Humboldt embarked on two major expeditions in his lifetime. First, the five- year marathon to South America, which included climbing almost to the top of the volcano Chamberazo, breathlessly measuring and observing everything en route, and which changed the way he looked at the world. Much later, when he was 60 years old, came the 10,000 mile sojourn by horse-drawn coaches to the Kazakh steppes on Russia’s border with Mongolia. After his exploration of the Andes, he set his heart on going to the Himalayas, again to compare the two great mountain ranges and their ecosystems. But his fierce, unrelenting critique of the Spanish colonists made the British East India Company bosses nervous of what he might write about their economic ravaging of the Subcontinent and they refused him permission to travel to India. After all, here was a man who was close friends with Simon Bolivar, so it probably paid to be cautious. (While Humboldt supported revolutionary movements in South America and Europe, he was disenchanted by what came later: Bolivar became a dictator and Napoleon rode roughshod over all of Europe.)
For a long while he was hamstrung in Europe as Napoleon embarked on his conquests, marching one way and then another across the continent, but he found Paris intellectually vibrant and stimulating and loved the city. He was appointed chamberlain to the King of Prussia (his brother was a career diplomat), an appointment accepted because he needed the money. (He had exhausted his inheritance on his expeditions and publication of his books, yet never hesitated to contribute to a struggling scientist.)
His work schedule and output would make anyone today who thinks s/he is a ‘workaholic’ seem laid-back and slothful: the man was a humming dynamo who maybe rested four hours a day right through his working life.
Andrea Wulf recounts the story of this truly extraordinary man wonderfully— the pages flit by seamlessly as she follows the chronology of his life, dividing the book into five parts, which respectively talk about ‘emerging ideas’ ‘collecting ideas’, ‘sorting ideas’, ‘spreading ideas’ and ‘evolving ideas’. She occasionally wanders into the lives of the other great minds (like Darwin, Muir and Jefferson) that Humboldt influenced and virtually mentored.
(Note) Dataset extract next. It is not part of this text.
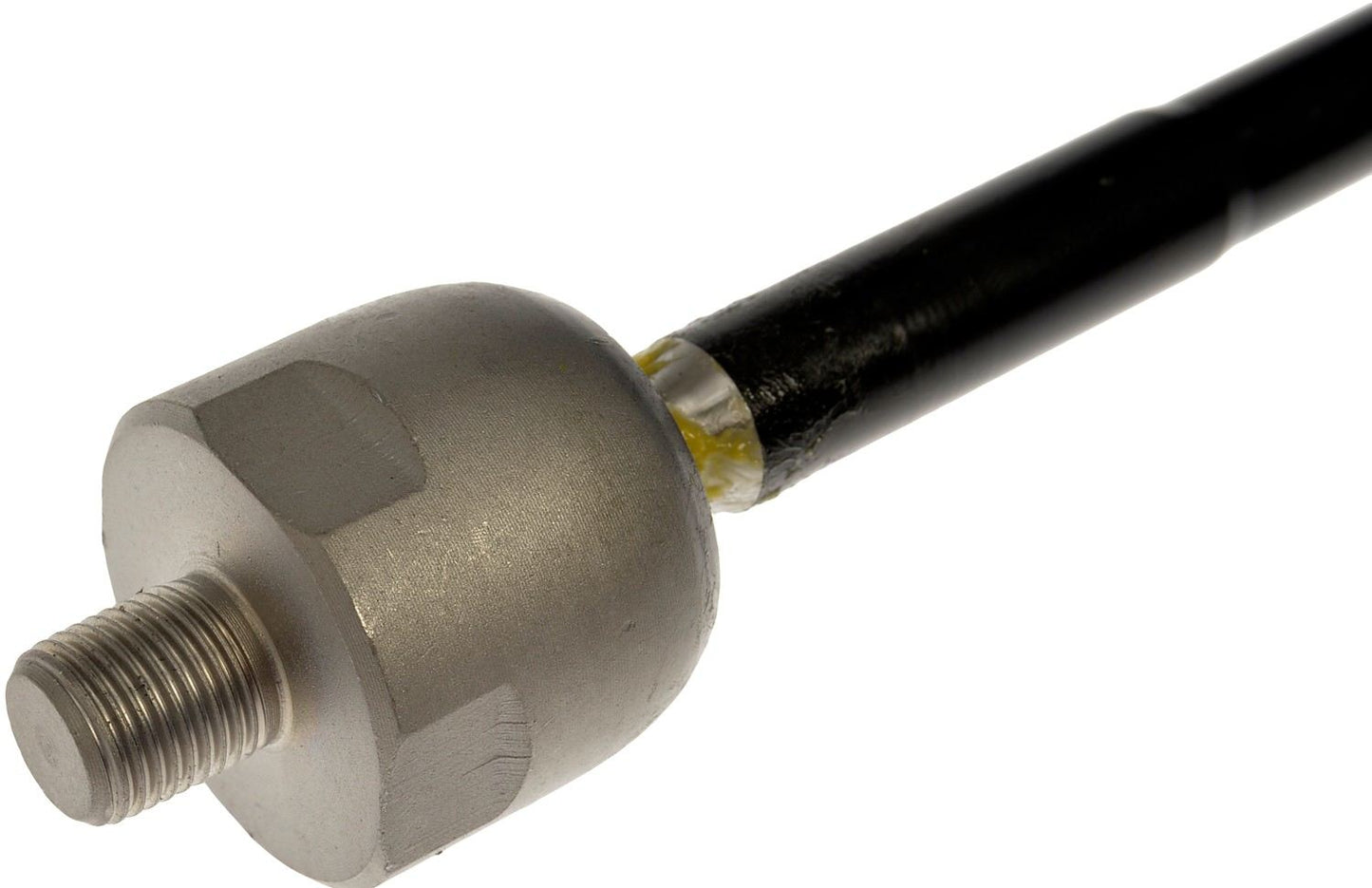Dorman - Premium STEERING TIE ROD END TI92200XL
Humboldt did not have much of a family life (he was close to his brother Wilhelm and sister-in-law Caroline)— he never married and his closest friends were usually those assisting him in his expeditions and endeavours. The book is illustrated, thoroughly researched and carries maps depicting the routes of his travels. While the text ends at page 337, the detailed notes, sources, bibliography, and index add another 100 pages. One of the main reasons Wulf cites for why Humboldt has been almost forgotten now was the fall from grace of Germany due to World War I and the consequent loathing and condemnation of everything German.
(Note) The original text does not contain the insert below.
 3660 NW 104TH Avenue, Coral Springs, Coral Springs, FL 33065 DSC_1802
But his ideas and concepts, his vision of the world as a single working and living entity, where everything is connected, the idea of the ‘web of life’ and that our reckless meddling is ruining the climate and everything that goes with it, is what every environmentalist and ecologist today is frantically trying to din into the heads of a greedy public and a thick-headed political class who think they can play footsie with nature and get away with it. Never has Alexander Von Humboldt been more relevant, nor this book more in need of being read.